Economist uses data to shape minimum wage policies that work
Working at McDonalds in high school for minimum wage, Arindrajit "Arin" Dube knew he had a path forward to college and a professional career. That wasn’t the case for most of his co-workers. “There’s a mistaken notion in the United States that we have a lot of mobility—that increased mobility can substitute for a more equal distribution of income. For many people, that’s just not true,” says Dube, a professor in the UMass Amherst Department of Economics. The fact that people spend years at low-wage jobs tells us how dependent workers are on these jobs and contradicts the notion that they are stepping stones, says Dube.
Widely considered one of the nation’s foremost experts on the economic effects of minimum wage policies, Dube has been interested in issues of income and wage inequality “probably longer than I’ve known those terms,” he says. Throughout his student years at Stanford, Harvard, and University of Chicago, he focused his efforts on increasing wages for campus service workers, including those contracted from outside firms, who are often paid less than workers hired directly.
Since Dube’s days slinging burgers in the 1990s, the face of the low-wage worker has changed. Then, nearly half of all minimum wage earners were teenagers. Today that figure is less than one in five. Meanwhile, inflation has grown faster than wages, and while some states and municipalities have taken it upon themselves to raise their minimum wage, the federal standard lags behind.
It’s a struggle Dube is all too familiar with. His landmark research on the effects of minimum wage hikes across county and state borders showed no significant job loss in communities that raised wages versus neighboring communities where wages stayed the same—countering the perennial argument of opponents. President Obama referenced those studies in his 2013 State of the Union address in support of an increased federal minimum. “It’s nice to know someone was paying attention,” Dube laughs. The information also played a key role in Dube’s testimony before Senator Elizabeth Warren at Senate hearings on a 2013 bill to increase the federal minimum, and importantly, tie future increases to the Consumer Price Index in order to help wages keep pace with inflation.

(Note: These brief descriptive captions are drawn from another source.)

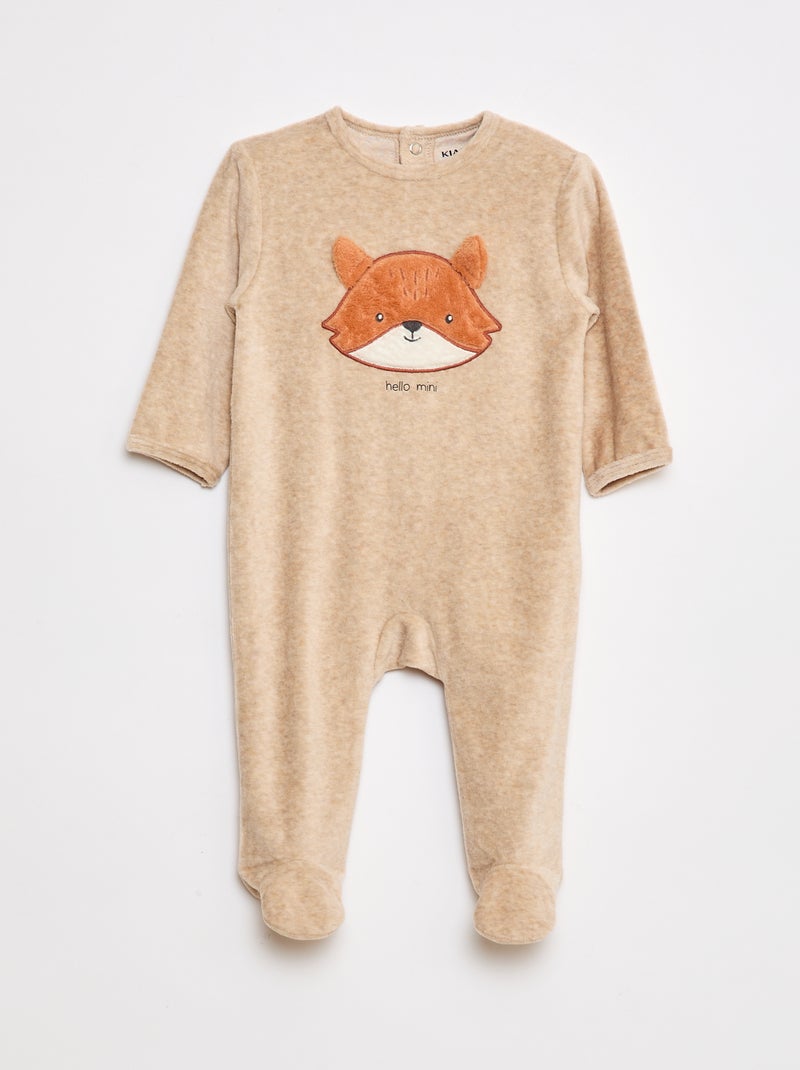 Dors bien en velours avec animation Beige - Kiabi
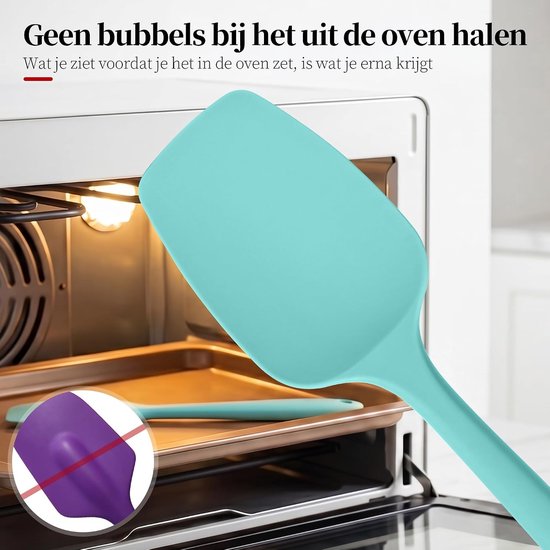 315°C Hittebestendige Siliconen Lepelspatel Set Van 3, Hemelsblauw — afbeelding 4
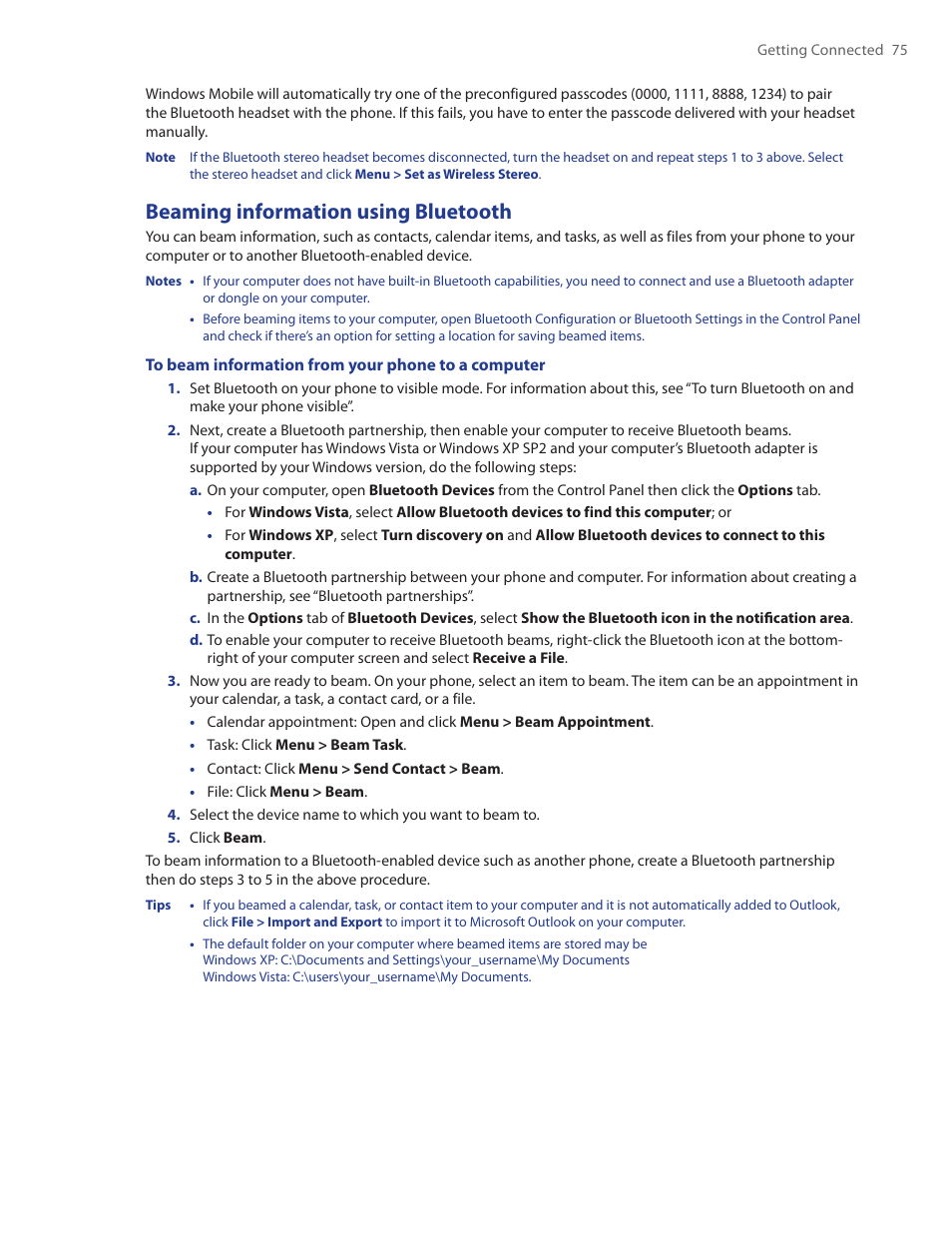 Beaming information using bluetooth | HTC Ozone CEDA100 User Manual | Page 75 / 102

That bill didn’t pass, and much of the country is still contending with decades of wage stagnation that contributes to what Dube calls “fissuring” in the workplace between low and high earners. That’s particularly true as companies continue to cut costs and reduce staff by contracting out low-paying jobs such as janitorial services and sales—a strategy that also helps protect companies from the resentment of workers who discover they’re earning less than their peers. “We are increasingly a segmented society not only in terms of where we live but also where we work,” says Dube. “High- and low-wage workers today are often in different companies, just as they’re in high- and low-cost housing.”
This creates “a barrier to the processes that generate empathy,” says Dube. “Interacting with people of different background and economic status creates a degree of bonding; increased polarization makes that harder and creates more strain on society.” But while Dube believes that it’s high time for the federal government to step in with wage increases, and while grassroots movements such as Fight for $15 are important ways to generate sorely needed discussion, the answer to that polarization isn’t as simple as a single number.
“Politically speaking, it makes sense to have a focal number. But what $15 means in Massachusetts is very different than in Mississippi,” he says. “It’s important to understand how local labor market conditions could imply different approaches.” One approach that Dube has proposed—and which has subsequently been adopted in states including New York and Oregon—is a regional, tiered system that establishes different minimums based on the varied cost of living in urban and rural areas within a state.
As with any policy, says Dube, there’s a trade-off. Setting the minimum wage too low could prevent workers from seeing the full benefit, while setting it too high may have unintended consequences. “Understanding the balance has been a central part of my research,” he says. “We are in the midst of experimenting with the minimum wage, and all experiments carry risk. As an empiricist, my job is to understand which policies are most effective and come up with answers that make the most sense.” That may mean tolerating a certain amount of job loss, or turning to other tools such as the Earned Income Tax Credit to fill in the gaps.
“The questions I’ve ended up asking are based on what I see around me that concerns me. That’s why I’m doing the work I’m doing.”